Sensor-Hardware wird individuell angepasst
Doch natürlich kann nicht einfach der PrimeSense-Sensor wie er in der Xbox eingesetzt wird eins zu eins für eine medizinische Anwendung übernommen werden, wie Clatz erklärt: „Wir mussten für Computer und Bildschirm Elektronik-Komponenten entsprechend der Regularien der Medizintechnik nutzen. Wir arbeiten jetzt mit einem ONYX-Computer sowie einem EIZO-Bildschirm, aber viele andere würden auch passen. Zudem mussten wir den Sensor zum Schutz vor Feuchtigkeit mit einer Silikon-Dichtung leicht anpassen.“ Dabei unterstützt PrimeSense Unternehmen intensiv, die Gestensteuerung für die jeweiligen Anwendungsfälle anzupassen. „Die Genauigkeit des Sensors hängt von verschiedenen Parametern ab: Dem Sichtbereich, der Entfernung oder dem Anwendungs-Szenario“, wie PrimeSense Vizepräsident Dagan erklärt. „Wir können entsprechende Hardware-Änderungen am Sensor vornehmen, um die Tiefen-Bildauflösung zu verbessern oder den Sichtbereich zu ändern.
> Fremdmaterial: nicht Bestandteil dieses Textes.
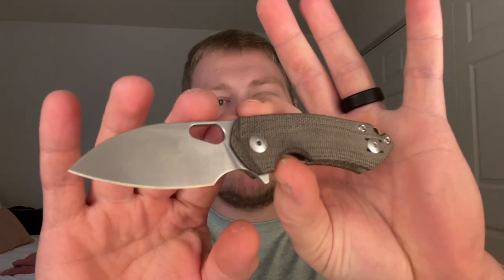What's going on guys, Alex here with 814 ADC and today I'm ready to do my full review on the Giant Mouse Knives Ace Riv LL.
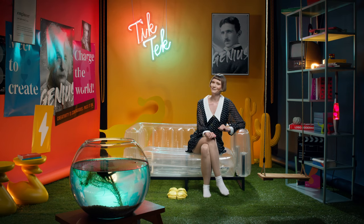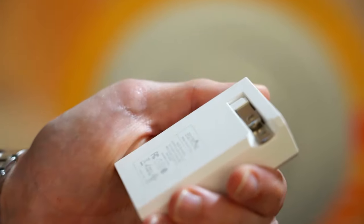And the prongs fold in, which means that you can take Sirius wherever the winds take you.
Dies erfolgt durch PrimeSense je nach Anforderung des Kunden.“ Für viele Anwendungen allerdings sind die Eigenschaften des Standard-Sensors RD1.08 ausreichend, wie Dagan betont: Er bietet „von Hause aus“ eine x-/y-Auflösung von 3 Millimetern bei einer Entfernung vom 2 Metern vom Sensor und arbeitet in einem Entfernungsbereich zwischen 0,8 und 3,5 Metern. Reichen diese Standard-Spezifikationen nicht, bietet PrimeSense entsprechend auf den Kunden zugeschnittene Produkte an. „Zudem wird die Technologie der nächsten Generation deutliche Verbesserungen in allen Parametern bieten“, verspricht Tal Dagan.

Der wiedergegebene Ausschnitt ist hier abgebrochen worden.